The Supreme Court in 1894, Plessy v Ferguson. Photo: Library of Congress / Corbis / VCG / Getty Images
Canellos also tells the tragic story of Ed Johnson, falsely convicted of rape. At the request of two black lawyers, Harlan took emergency action to stop his execution, whereupon the sheriff left the prison unguarded and a mob lynched Johnson and “Harlan! Harlan! “Harlan persuaded his colleagues to indict local officials for disregard of the court – the only time the Supreme Court acted as a trial court. It was” the first time blacks have seen the Supreme Court act on their behalf. “
For Canellos, Harlan could “look beyond the horizon and imagine the stresses and strains of the superstructure of American life a hundred years from now” because he was looking back on a war-ridden nation because it failed to live up to its ideals. Frederick Douglass rightly called him “a moral hero”. In the middle of the 20th century, the court realized that, by and large, Harlan was right. His portrait hangs in the chambers where the judges deliberate.
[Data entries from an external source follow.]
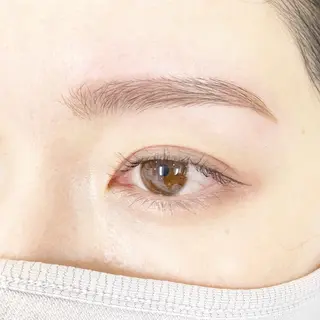 アイブロウ elblink sachiの眉毛・アイブロウイメージ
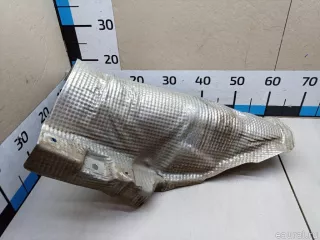 747510991R Renault Теплозащита глушителя Lada largus  Арт E60698219, вид 3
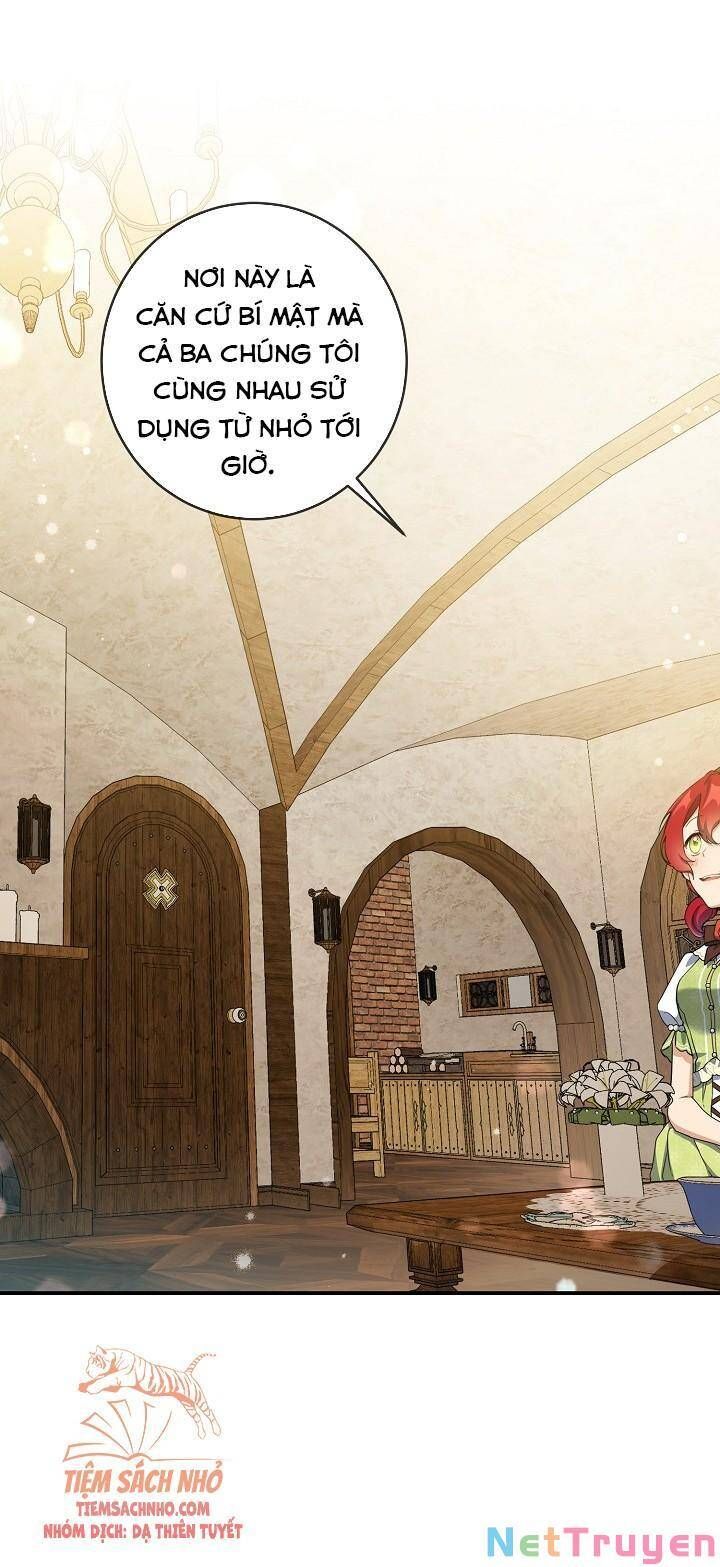 đọc truyện Hướng Về Ánh Dương Lần Nữa Chương 46 ảnh 26 tại Thiên Thai Truyện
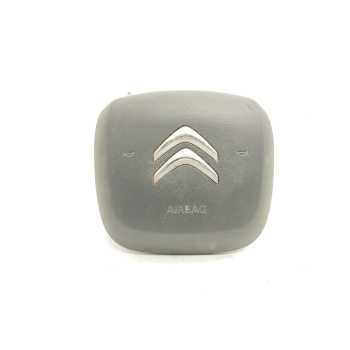 Recambio de airbag delantero izquierdo para citroën c5 aircross c-series referencia OEM IAM 98223378ZD  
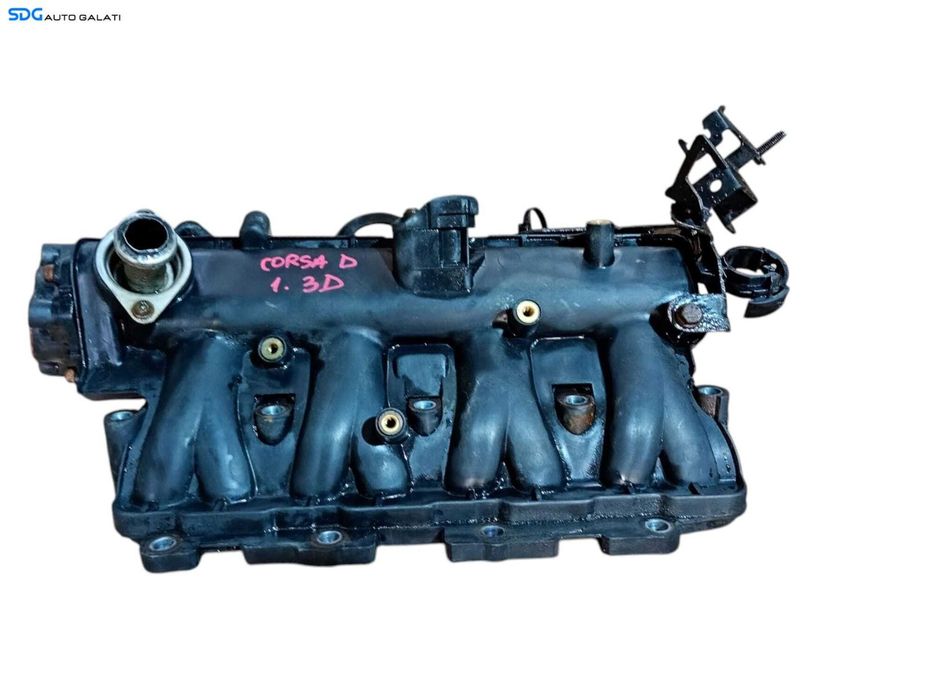 Galerie Admisie Opel Astra H 1.3 CDTI 2004 - 2010 Cod 55207035 [MA0168]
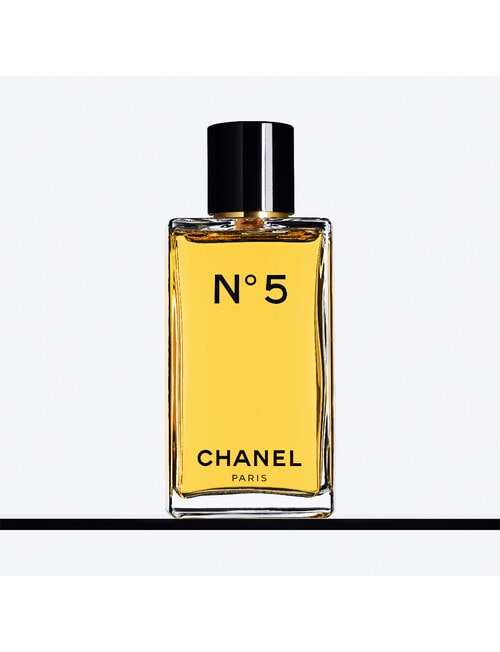CHANEL N&deg;5 Eau de Toilette Spray, 150ml product photo View 04 L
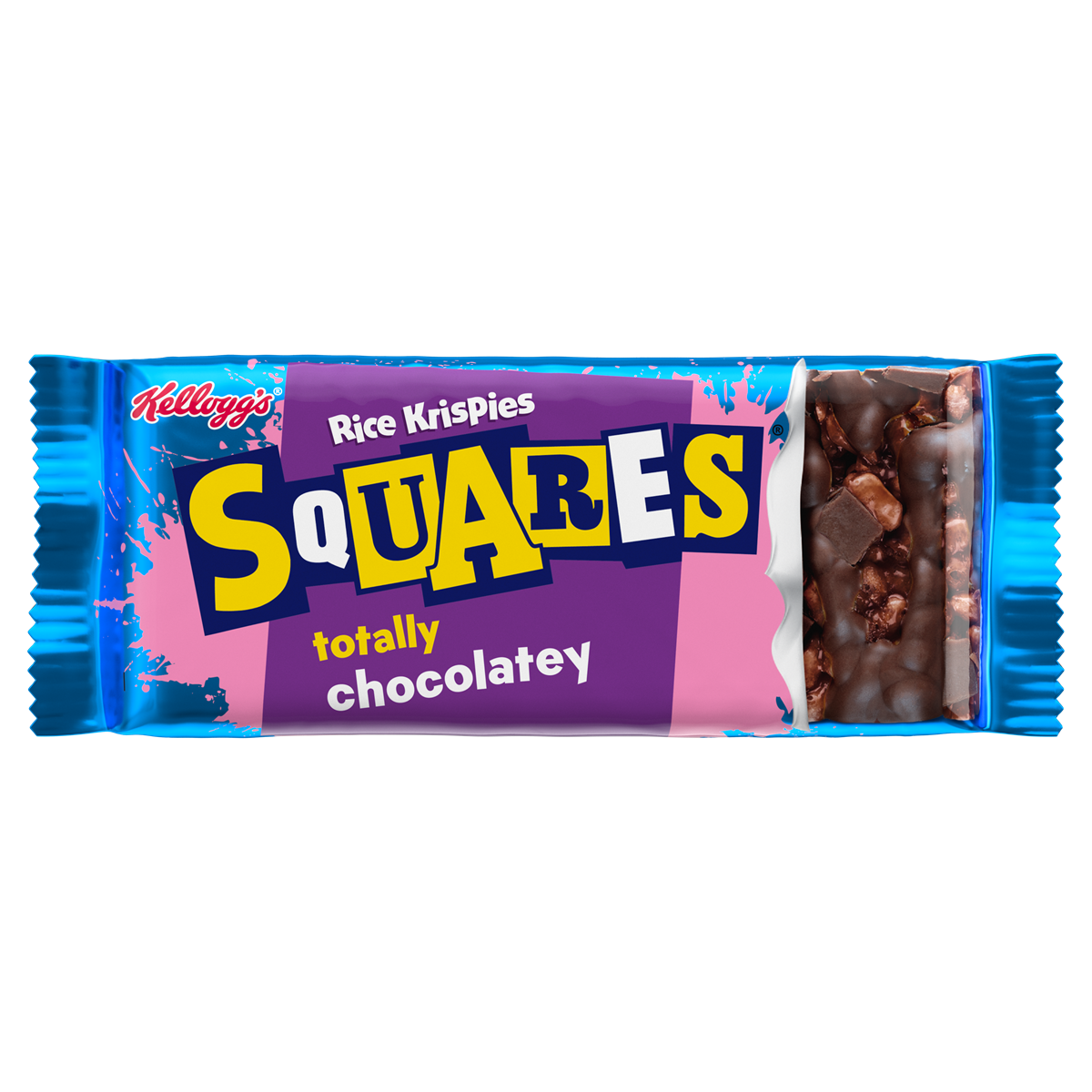 Kellogg's Rice Krispie Squares 30x28g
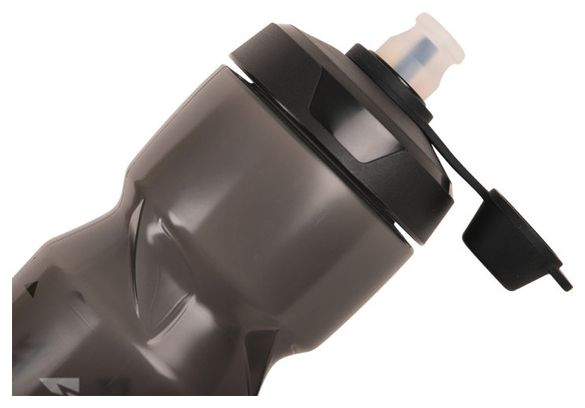 Bidon Zefal Sense Soft 80 Noir Fumé 800 ml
Canellos writes fluently, sensitively and clearly about complex legal arguments. He reminds us of how people and societies can change with them through the rule of law. The racism that Robert endured persists, but at least no longer enjoys constitutional support – mainly because of his half-brother in the judiciary.
June is traditionally the month for important supreme court decisions. One hopes for the moral courage, the clarity of thought and the practical vision of John Marshall Harlan.